I need to search in string that contains a substring. I am looking for the efficient way to do so.
Slow version:
import polars as pl
def search_text(queries, text):
return [query for query in queries if query in text]
pl_df = pl.DataFrame( {
"Title": ["I am aa", "I am bbob"]
})
queries = ['aa', 'bb']
pl_df = pl_df.with_columns(pl.col('Title').map_elements(lambda text: search_text(queries, text)).alias('Title_match'))
print(pl_df)
shape: (2, 2)
┌───────────┬─────────────┐
│ Title ┆ Title_match │
│ --- ┆ --- │
│ str ┆ list[str] │
╞═══════════╪═════════════╡
│ I am aa ┆ ["aa"] │
│ I am bbob ┆ ["bb"] │
└───────────┴─────────────┘
A common approach is to create a single regex delimited by |
.
You want to sort your queries by length descending and run them through .str.escape_regex()

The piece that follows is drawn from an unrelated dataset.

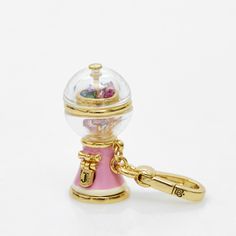 Indulge in nostalgia with our Candy Machine Pendant. A miniature marvel with vibrant colors and vintage charm, it dispenses sweetness and whimsy in equal measure, adorning your ensemble with a touch of playfulness. Collection: Retro Aesthetic Charm Product Type: Pendant, Necklace (with chain) Material: 18k gold plating brass and enamel Dimensions: Height: 31 mm, Width: 13 mm Aesthetic Keyrings, Juicy Charms, Vintage Trinkets, Pretty Jewelry Necklaces, Sweet Jewelry, Candy Jewelry, Juicy Couture Charms, Mini Things, Funky Jewelry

to prevent possible false matches (e.g. if they could contain metachars such as .
)
queries = ["aa", "bb", "bo"]
pattern = (
pl.Series(sorted(queries, key=len, reverse=True))
.str.escape_regex()
.str.join("|")
)
pattern.item()
# 'aa|bb|bo'
df.with_columns(
pl.col("Title").str.extract_all(pattern).alias("Title_match")
)
shape: (2, 2)
┌───────────┬─────────────┐
│ Title ┆ Title_match │
│ --- ┆ --- │
│ str ┆ list[str] │
╞═══════════╪═════════════╡
│ I am aa ┆ ["aa"] │
│ I am bbob ┆ ["bb"] │ # NOTE: `bo` is not matched
└───────────┴─────────────┘
Alternatively, there is .str.extract_many()
for non-regex (Aho-Corasick) matching.
It also supports overlapping matches, if needed.
df.with_columns(
pl.col("Title").str.extract_many(queries, overlapping=True)
.alias("Title_match")
)
shape: (2, 2)
┌───────────┬──────────────┐
│ Title ┆ Title_match │
│ --- ┆ --- │
│ str ┆ list[str] │
╞═══════════╪══════════════╡
│ I am aa ┆ ["aa"] │
│ I am bbob ┆ ["bb", "bo"] │
└───────────┴──────────────┘